Import tariff on plastics, chemicals to be cut
Adianto P. Simamora, The Jakarta Post, Jakarta
The government will slash import tariffs on chemical and plastic products to between 0 percent and 5 percent in early January next year in line with ASEAN free trade area (AFTA) requirements, the Ministry of Trade and Industry said Thursday.
"We are committed to fully implementing the AFTA agreement. The import tariff on all products, including chemicals and plastics, will be lowered to between 0 and 5 percent starting (January) next year," Ketut Suarka, head of ASEAN trade cooperation at the ministry, told The Jakarta Post.

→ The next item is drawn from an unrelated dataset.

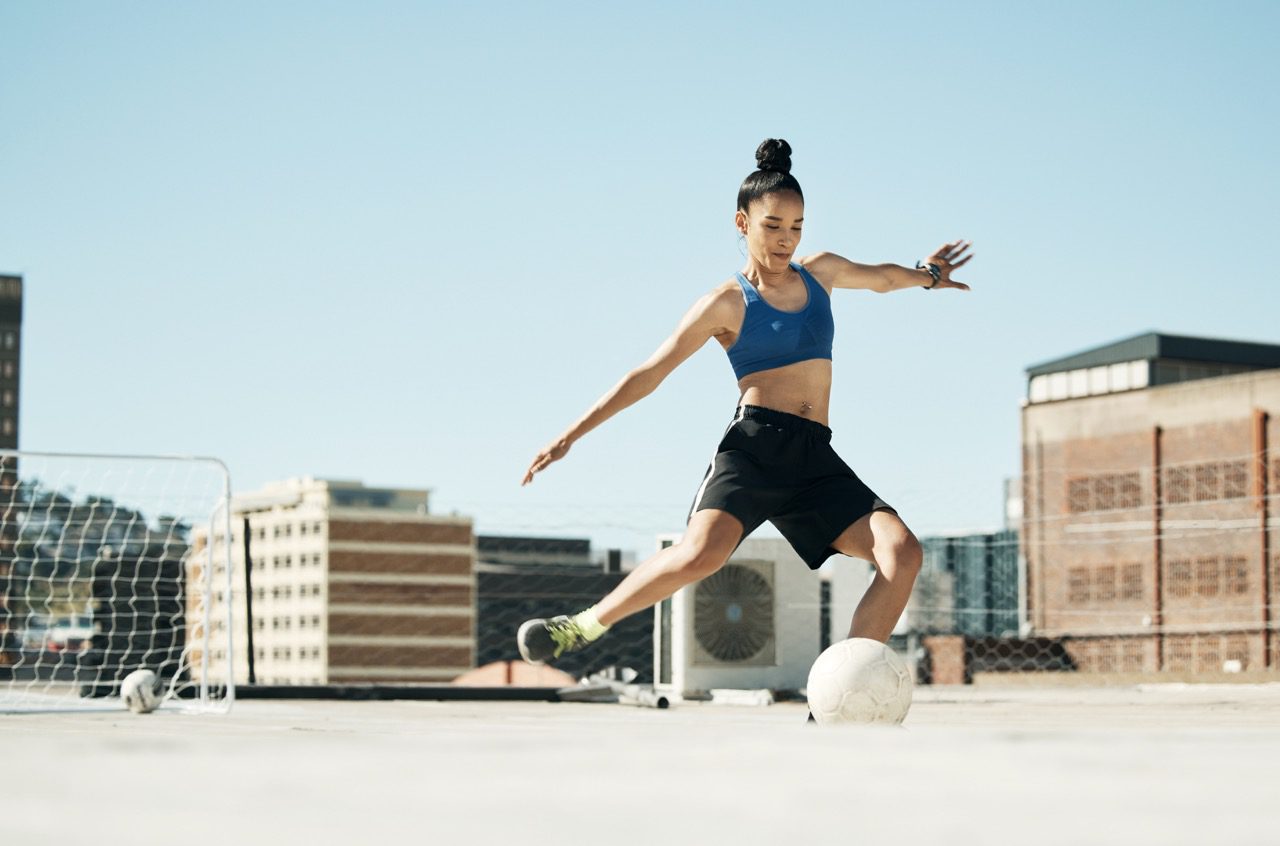 Más allá del balón: Los rituales que definen la pasión futbolera en México 31 soccer player woman and soccer ball kick in fitness 76047129 Large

Ketut said complying with the AFTA scheme was also important to help restore investor confidence in Indonesia.
AFTA is a free trade arrangement among the members of the Association of South East Asian Nations (ASEAN), under which import tariffs on thousands of products have to be cut to between 0 percent and 5 percent. The scheme was applied for the first time in January this year.

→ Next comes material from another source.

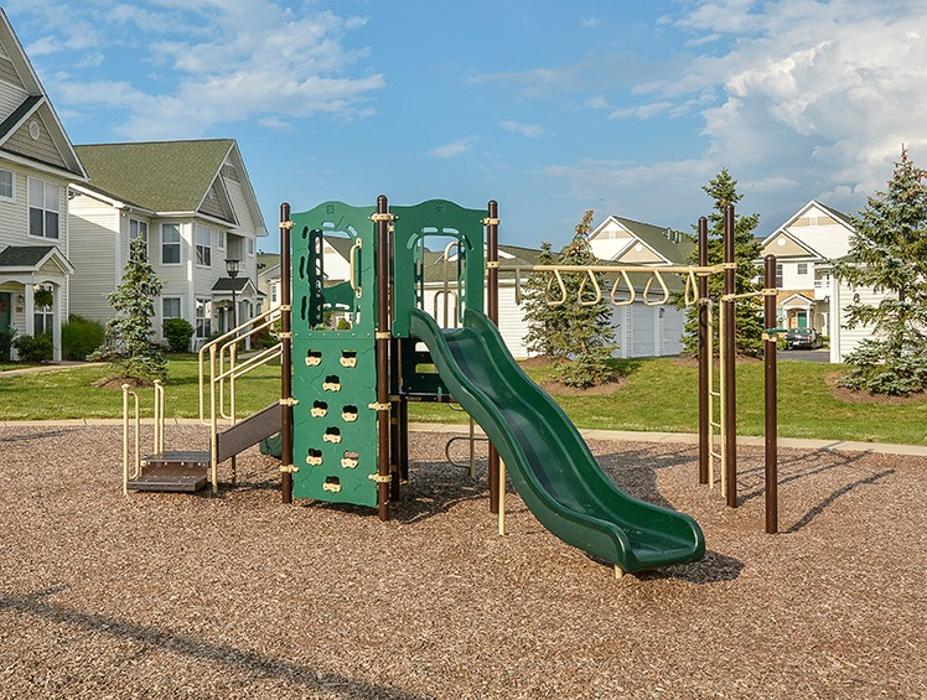 Preston Pointe at Inverness - Fort Wayne, IN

Indonesia initially registered 7,206 items in the inclusion list of the AFTA scheme, but only 7,137 items were immediately affected by the import tariff reduction measure, while the tariffs on the remaining 69 items, mostly chemicals and plastics, remained above 5 percent.
Ministers of the six founding members of ASEAN (Indonesia, Malaysia, Singapore, Philippines, Thailand, and Brunei Darussalam) agreed in 1998 to allow member countries to delay cutting tariffs on several products until 2003 under its flexibility scheme. Indonesia proposed the above 69 items.
The government initially hoped that by delaying the tariff reduction plan for these items, the related industries would have more time to improve their competitiveness before facing head-on competition with players from ASEAN.
However, the ailing local chemical industries said that they were not yet ready for regional competition next year.
Azis Pane, chemical industry chairman at the Indonesian Chamber of Commerce and Industry, said the liberalization drive would force the local industries to stop their operations.
"We've just started to recover from the impact of the economic crisis, we are not yet ready to compete with players from other countries next year," Azis said.
He said that Kadin had repeatedly explained to the government that the country's chemical industries were still in a weak condition and that the AFTA plan must be delayed once again.
"This (AFTA) is bad news for us ... We'll fight for a delay," he said.
Among the problems plaguing the domestic chemical industry are outdated technology, limited financial ability and huge debt burdens.